# Directions for this task
As the answer, give exactly the lines of the records below from the one with "Koyu Yeşil Normal" through the one with "S-CD3-3 BLACK Удлинитель", ends included and pictures left out.

### Records for the exercise

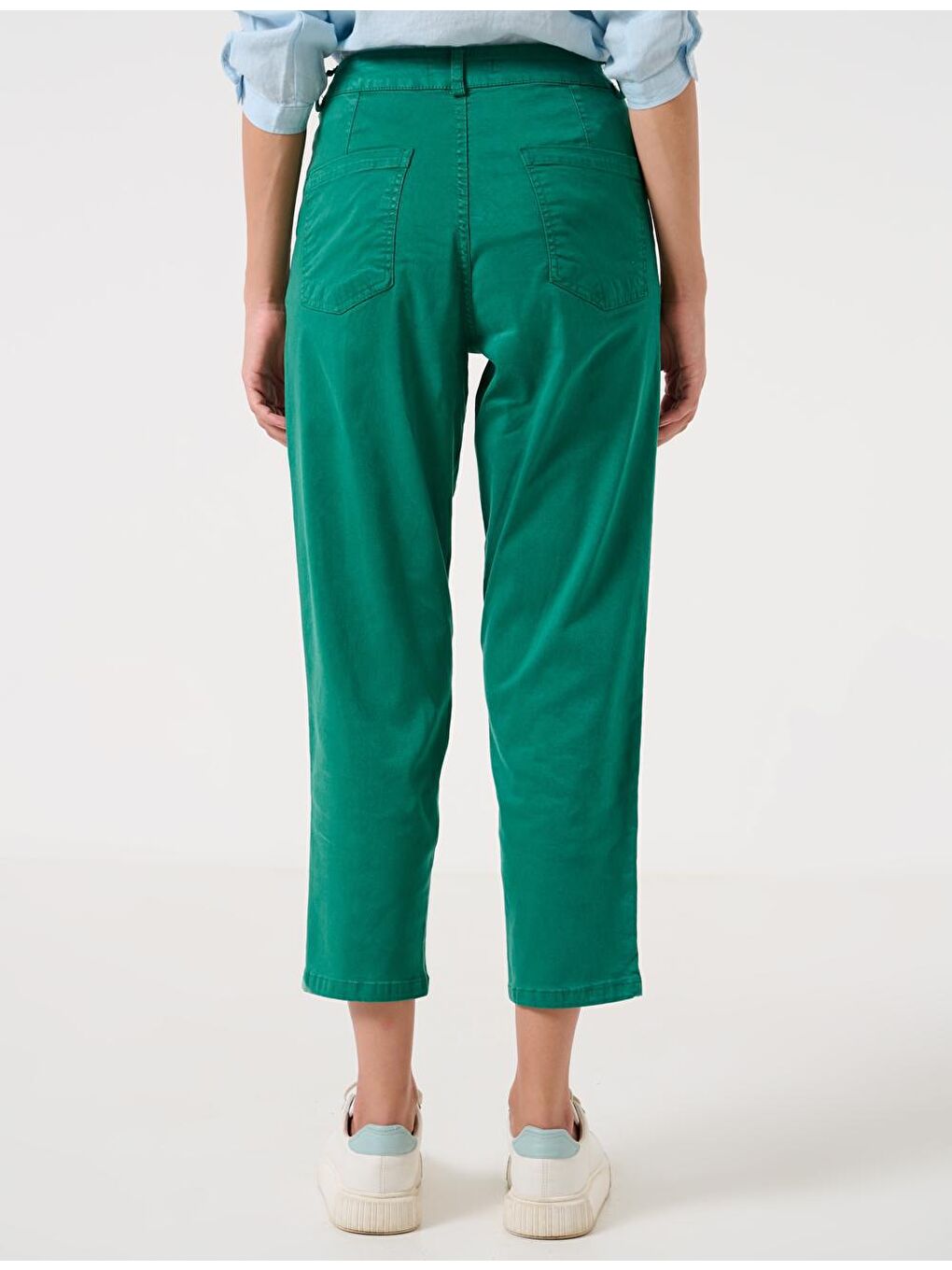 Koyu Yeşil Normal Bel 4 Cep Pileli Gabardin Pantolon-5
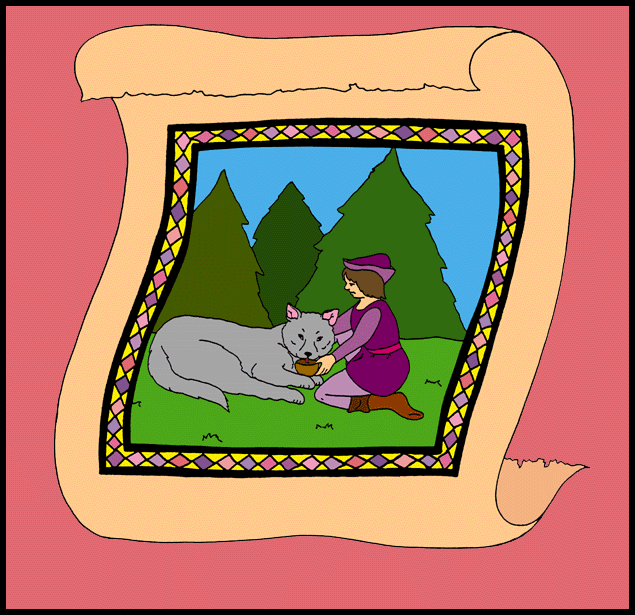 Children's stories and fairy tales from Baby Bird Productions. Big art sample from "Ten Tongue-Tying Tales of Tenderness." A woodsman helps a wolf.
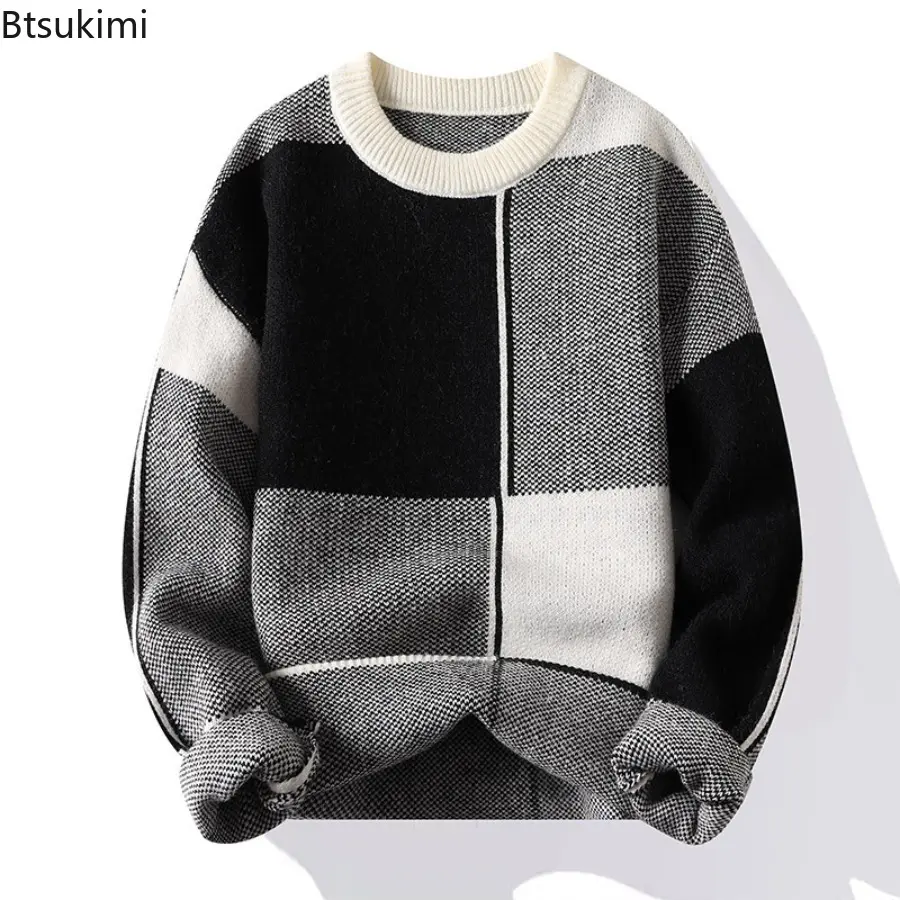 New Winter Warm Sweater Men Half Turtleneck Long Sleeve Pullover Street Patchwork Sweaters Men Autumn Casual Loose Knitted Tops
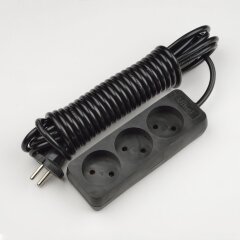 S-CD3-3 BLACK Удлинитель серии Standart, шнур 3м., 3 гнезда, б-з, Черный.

######
### Records for the exercise

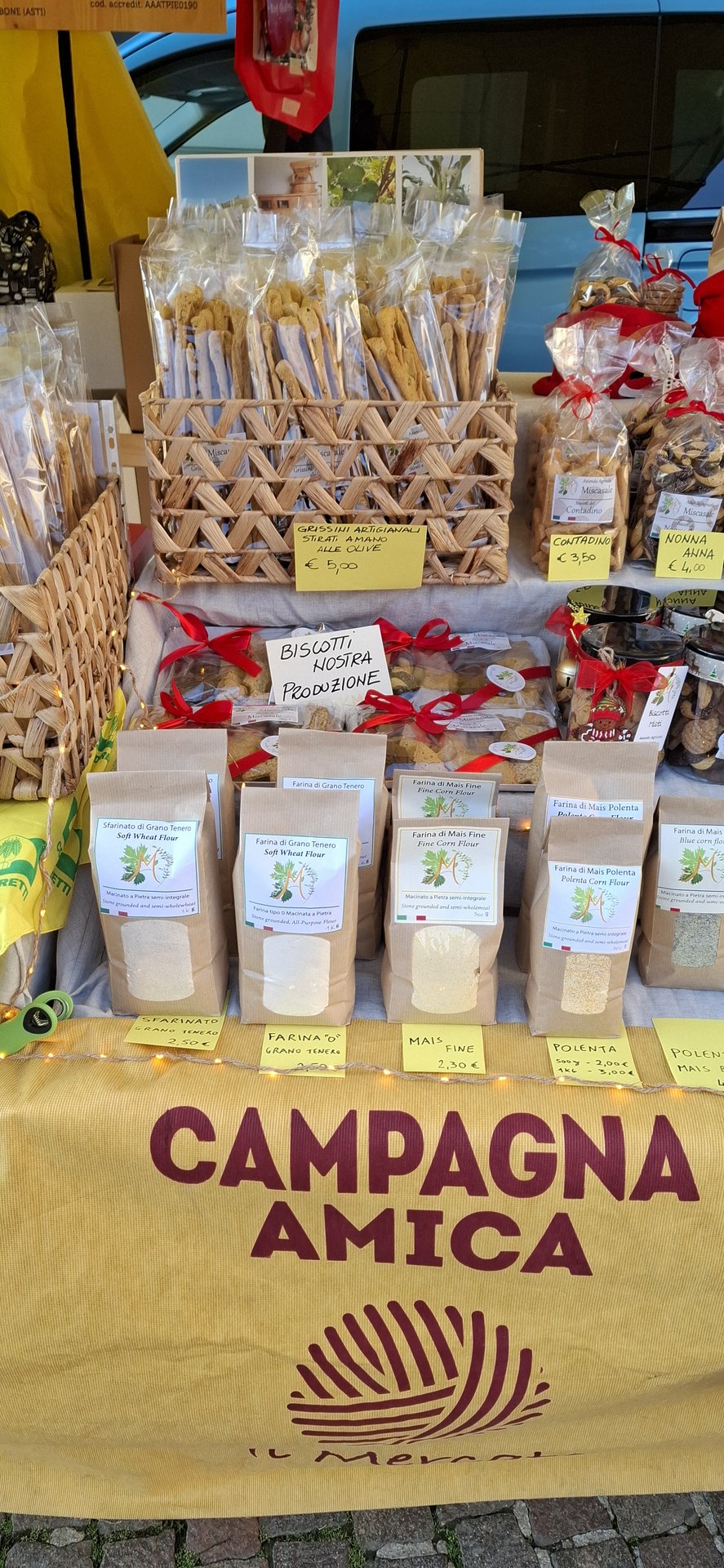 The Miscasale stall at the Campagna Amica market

######
### Records for the exercise

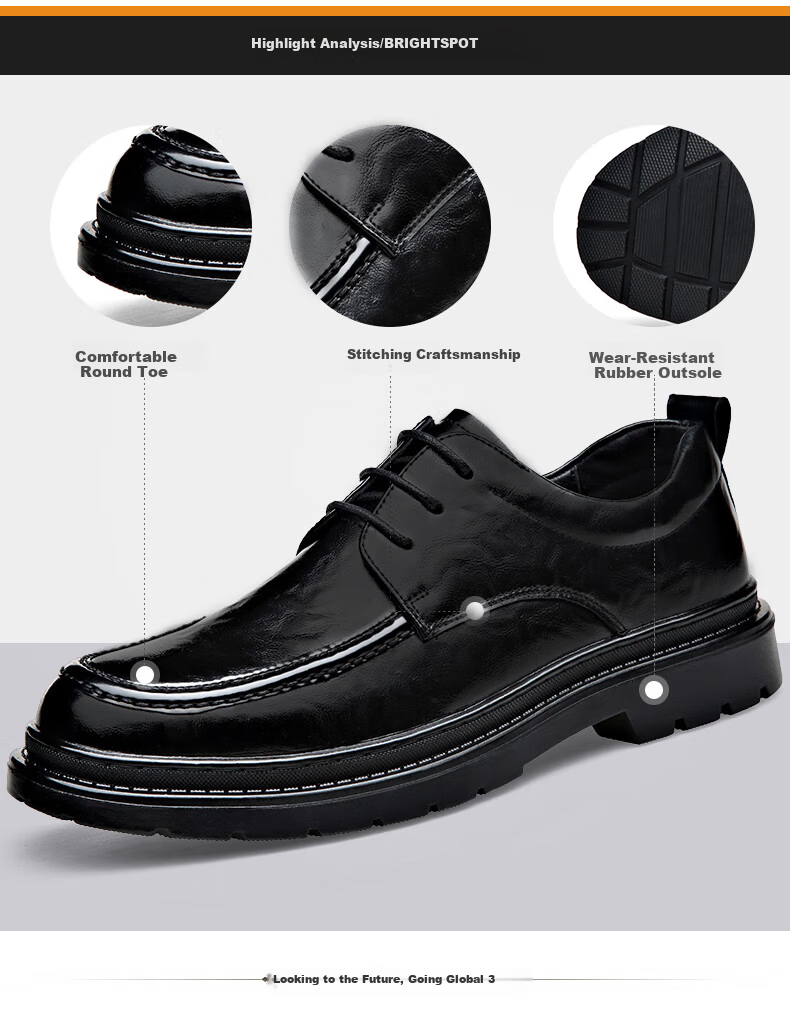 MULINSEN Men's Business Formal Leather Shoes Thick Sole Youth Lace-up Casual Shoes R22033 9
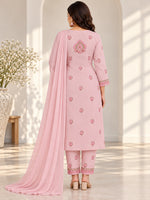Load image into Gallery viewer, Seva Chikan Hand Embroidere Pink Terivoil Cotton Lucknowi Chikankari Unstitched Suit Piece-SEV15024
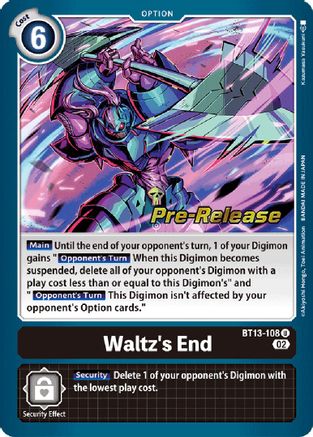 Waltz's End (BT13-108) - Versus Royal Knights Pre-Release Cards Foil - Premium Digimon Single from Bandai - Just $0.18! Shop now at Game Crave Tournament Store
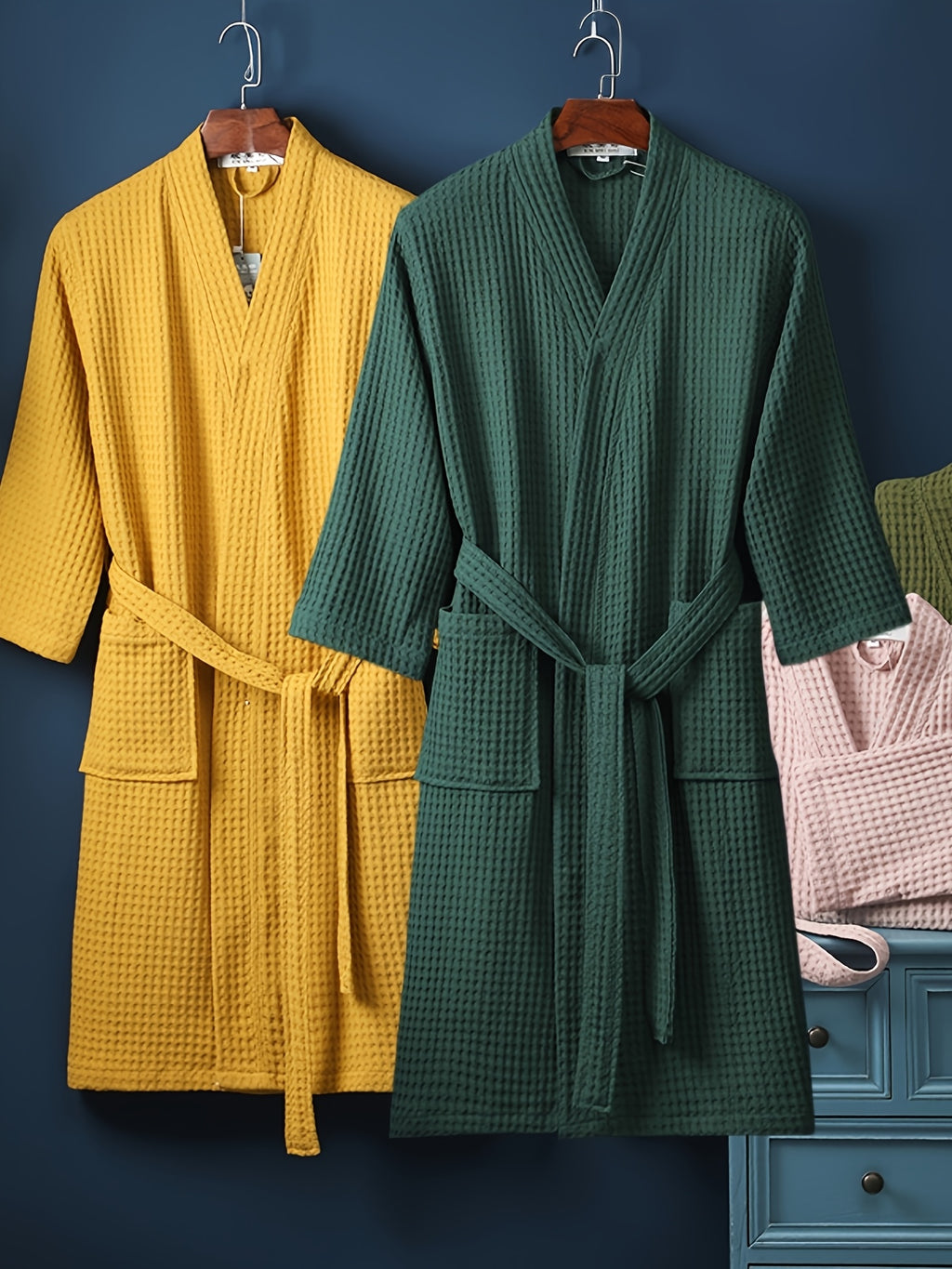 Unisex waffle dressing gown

######

# Answer box
 Koyu Yeşil Normal Bel 4 Cep Pileli Gabardin Pantolon-5
 Children's stories and fairy tales from Baby Bird Productions. Big art sample from "Ten Tongue-Tying Tales of Tenderness." A woodsman helps a wolf.
 New Winter Warm Sweater Men Half Turtleneck Long Sleeve Pullover Street Patchwork Sweaters Men Autumn Casual Loose Knitted Tops
 S-CD3-3 BLACK Удлинитель серии Standart, шнур 3м., 3 гнезда, б-з, Черный.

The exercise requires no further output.